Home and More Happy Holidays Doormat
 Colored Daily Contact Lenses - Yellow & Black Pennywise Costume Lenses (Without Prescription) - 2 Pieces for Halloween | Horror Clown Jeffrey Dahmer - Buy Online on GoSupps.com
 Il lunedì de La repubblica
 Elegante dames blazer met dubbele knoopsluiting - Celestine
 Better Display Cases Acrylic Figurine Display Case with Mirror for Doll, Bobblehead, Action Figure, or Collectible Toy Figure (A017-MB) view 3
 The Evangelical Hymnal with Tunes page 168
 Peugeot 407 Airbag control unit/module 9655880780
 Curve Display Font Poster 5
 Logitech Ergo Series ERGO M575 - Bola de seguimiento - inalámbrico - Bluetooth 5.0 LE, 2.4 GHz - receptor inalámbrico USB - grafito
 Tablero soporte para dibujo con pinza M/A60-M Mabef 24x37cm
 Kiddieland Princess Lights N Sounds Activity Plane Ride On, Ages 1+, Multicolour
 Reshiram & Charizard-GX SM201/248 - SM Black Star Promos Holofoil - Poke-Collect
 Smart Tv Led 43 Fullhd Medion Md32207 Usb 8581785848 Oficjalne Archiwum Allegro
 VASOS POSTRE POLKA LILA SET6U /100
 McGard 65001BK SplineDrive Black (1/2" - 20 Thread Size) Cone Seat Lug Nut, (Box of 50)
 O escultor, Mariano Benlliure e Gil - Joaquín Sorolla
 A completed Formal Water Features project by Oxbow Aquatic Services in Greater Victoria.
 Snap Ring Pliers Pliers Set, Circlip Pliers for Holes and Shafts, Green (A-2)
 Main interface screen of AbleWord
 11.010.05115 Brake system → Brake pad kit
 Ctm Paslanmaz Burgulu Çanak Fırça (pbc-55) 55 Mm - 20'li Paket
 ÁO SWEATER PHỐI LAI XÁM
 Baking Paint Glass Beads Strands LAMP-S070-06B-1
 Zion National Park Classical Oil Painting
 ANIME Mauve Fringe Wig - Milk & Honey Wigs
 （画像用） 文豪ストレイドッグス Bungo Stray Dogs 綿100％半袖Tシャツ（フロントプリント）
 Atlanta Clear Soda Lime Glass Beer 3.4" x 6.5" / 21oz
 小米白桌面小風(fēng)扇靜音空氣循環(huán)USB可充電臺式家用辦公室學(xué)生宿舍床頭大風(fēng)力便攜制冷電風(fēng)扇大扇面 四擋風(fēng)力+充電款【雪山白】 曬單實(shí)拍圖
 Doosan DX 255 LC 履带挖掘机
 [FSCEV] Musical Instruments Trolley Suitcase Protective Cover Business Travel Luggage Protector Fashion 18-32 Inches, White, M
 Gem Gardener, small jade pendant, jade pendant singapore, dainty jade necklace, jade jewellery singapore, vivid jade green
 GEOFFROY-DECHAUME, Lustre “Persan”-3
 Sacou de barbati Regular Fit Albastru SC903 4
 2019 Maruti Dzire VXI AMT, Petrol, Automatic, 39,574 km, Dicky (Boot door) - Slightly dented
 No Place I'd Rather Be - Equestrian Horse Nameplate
....
→ ACTIVITY
All of the entries above should be output exactly as they are.

→ TASK RESULT
Home and More Happy Holidays Doormat
 Colored Daily Contact Lenses - Yellow & Black Pennywise Costume Lenses (Without Prescription) - 2 Pieces for Halloween | Horror Clown Jeffrey Dahmer - Buy Online on GoSupps.com
 Il lunedì de La repubblica
 Elegante dames blazer met dubbele knoopsluiting - Celestine
 Better Display Cases Acrylic Figurine Display Case with Mirror for Doll, Bobblehead, Action Figure, or Collectible Toy Figure (A017-MB) view 3
 The Evangelical Hymnal with Tunes page 168
 Peugeot 407 Airbag control unit/module 9655880780
 Curve Display Font Poster 5
 Logitech Ergo Series ERGO M575 - Bola de seguimiento - inalámbrico - Bluetooth 5.0 LE, 2.4 GHz - receptor inalámbrico USB - grafito
 Tablero soporte para dibujo con pinza M/A60-M Mabef 24x37cm
 Kiddieland Princess Lights N Sounds Activity Plane Ride On, Ages 1+, Multicolour
 Reshiram & Charizard-GX SM201/248 - SM Black Star Promos Holofoil - Poke-Collect
 Smart Tv Led 43 Fullhd Medion Md32207 Usb 8581785848 Oficjalne Archiwum Allegro
 VASOS POSTRE POLKA LILA SET6U /100
 McGard 65001BK SplineDrive Black (1/2" - 20 Thread Size) Cone Seat Lug Nut, (Box of 50)
 O escultor, Mariano Benlliure e Gil - Joaquín Sorolla
 A completed Formal Water Features project by Oxbow Aquatic Services in Greater Victoria.
 Snap Ring Pliers Pliers Set, Circlip Pliers for Holes and Shafts, Green (A-2)
 Main interface screen of AbleWord
 11.010.05115 Brake system → Brake pad kit
 Ctm Paslanmaz Burgulu Çanak Fırça (pbc-55) 55 Mm - 20'li Paket
 ÁO SWEATER PHỐI LAI XÁM
 Baking Paint Glass Beads Strands LAMP-S070-06B-1
 Zion National Park Classical Oil Painting
 ANIME Mauve Fringe Wig - Milk & Honey Wigs
 （画像用） 文豪ストレイドッグス Bungo Stray Dogs 綿100％半袖Tシャツ（フロントプリント）
 Atlanta Clear Soda Lime Glass Beer 3.4" x 6.5" / 21oz
 小米白桌面小風(fēng)扇靜音空氣循環(huán)USB可充電臺式家用辦公室學(xué)生宿舍床頭大風(fēng)力便攜制冷電風(fēng)扇大扇面 四擋風(fēng)力+充電款【雪山白】 曬單實(shí)拍圖
 Doosan DX 255 LC 履带挖掘机
 [FSCEV] Musical Instruments Trolley Suitcase Protective Cover Business Travel Luggage Protector Fashion 18-32 Inches, White, M
 Gem Gardener, small jade pendant, jade pendant singapore, dainty jade necklace, jade jewellery singapore, vivid jade green
 GEOFFROY-DECHAUME, Lustre “Persan”-3
 Sacou de barbati Regular Fit Albastru SC903 4
 2019 Maruti Dzire VXI AMT, Petrol, Automatic, 39,574 km, Dicky (Boot door) - Slightly dented
 No Place I'd Rather Be - Equestrian Horse Nameplate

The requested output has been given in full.